Policy Steward: 
Director of Financial Accounting and Reporting
Format Updated: 
University Policy & Standards Converted: 
Revision Date: 
Tuesday, February 22, 2005

* This information replaces FIS 501 Unrelated Business Income


The Revenue Act of 1950 established the “Unrelated Business Income Tax” (UBIT) that applies to tax-exempt organizations. The UBIT was established for two reasons: 1) To give the IRS a procedure by which it could penalize a tax-exempt organization that engaged in commercial business activities without having to revoke its exempt status; and 2) to put tax-exempt organizations that engage in business activities on a level playing field with for-profit companies that engage in the same business activity and pay taxes on the income they earn.

Three elements must exist in order for an activity engaged by a college or university to be treated as an "unrelated business income" activity.

  1. A trade or business
  2. Regularly carried on
  3. Not substantially related to the conduct of the school’s educational or scientific research purposes

A trade or business is conducted with a profit motive. Revenues in excess of expenses constitute taxable income where goods are sold or services rendered that are not related to the educational/research mission of the institution.

"Regularly carried on" means performed in the same manner or time frame as it would be in the commercial sector. Thus, the activity may be seasonal and still subject to UBIT.

"Substantially related" means that the activity contributes importantly to the exempt purpose. Bookstore sales to students/faculty, advertising sales by the school newspaper, etc. are examples of exempt activities.

Examples of College/University Activities that Could be Subject to UBIT:

  • Dormitory rentals to the general public
  • "Testing" activities which are not research and is not done by volunteers
  • Advertising income not related to the college newspaper
  • Corporate sponsorship payments – where the payor receives substantial return benefit other than acknowledgement of the name, logo or product lines of the payor
  • Travel tours
  • Participation in partnerships
  • Use of recreational facilities by the public
  • Professional entertainment events
  • Summer sports camps
  • Concession sales
  • Conferences, meetings, and training programs
  • Athletic events/television and broadcast rights
  • Exclusivity contracts (e.g. "pouring rights")

It should be noted that the University pays UBIT only on the profit (residual income after expenses) and the tax is assessed in the following year.

How does OSU Determine UBIT?

  • Rates applied by OUS are:
  • 0-$50K profit @ 15%
  • $50-$75K profit @ 25%
  • $75-100K profit @ 34%
  • $100-335 K profit @ 39%

These are IRS corporate tax rates and are subject to change.

How OSU Departments can Minimize Tax Exposure

  • Research activities are clearly part of OSU’s mission.
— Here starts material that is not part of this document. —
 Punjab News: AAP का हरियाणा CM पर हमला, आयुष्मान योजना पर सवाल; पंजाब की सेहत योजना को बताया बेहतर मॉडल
Therefore, bona fide research activities are exempt from UBIT. In addition, all governmentally sponsored research is exempt. However, testing activities where income is derived from private sources is generally subject to UBIT. When reviewed by the IRS, anything that is called “testing” is automatically looked at as UBIT.

    Testing activities may qualify as research when carried on in the public interest. Meaning, the results of the research must be published. One way to minimize the UBIT would be to file the results in the OSU library. Another way would be to use the data (in published form) in a classroom setting. Also, testing services may be exempt where no alternative source exists within a “reasonable distance”. Documenting the lack of other testing sources may be another way to minimize UBIT. If the argument is made that the student needs to do testing as part of his/her curricula, then the student cannot be paid for the work. (This includes GRA or GTA appointments.) In that case, there would be no tax.

    Commercial testing usually involves 1) ordinary and routine testing, 2) repetitive work, 3) performance by scientifically unsophisticated employees, and 4) testing for quality control or certification purposes.

  • Sponsorships are exempt from UBIT but are qualified by IRS guidelines. A sponsorship is a “flat payment to a tax exempt entity which allows the exempt organization to recognize the sponsor, display the sponsor’s logo, acknowledge the sponsor by name, etc. It may not include 1) any quality comparisons with similar businesses, 2) any call to action (i.e. to buy from the sponsor), or 3) any price comparisons. If there are violations of the “qualified sponsorship” then it becomes advertising and subject to taxes.

    Keep qualified sponsorship agreements separate from advertising agreements. If the donating entity will receive benefits other than simple recognition and a ‘thank you’ it will be an advertising agreement. Don’t mix the two. Also, if a sponsor will be receiving any ‘in-kind’ consideration such as sky box rights, free game tickets, etc., the fair market value of those items counts as advertising income to OSU. Keep these items separate along with any related expenses.

  • Royalties are fixed payments either on a per unit basis for rights to use intangibles such as trademarks or ‘flat’ payments not subject to revenue amounts generated. Bona fide royalties are tax exempt. Any agreement linking income for OSU to revenues/profits generated by another agency are likely to be regarded as taxable income. Use separate agreements to keep royalty income separate from profit sharing arrangements.
  • Document all expenses related to UBIT subject income and keep Business Affairs informed of any change in status regarding your operation.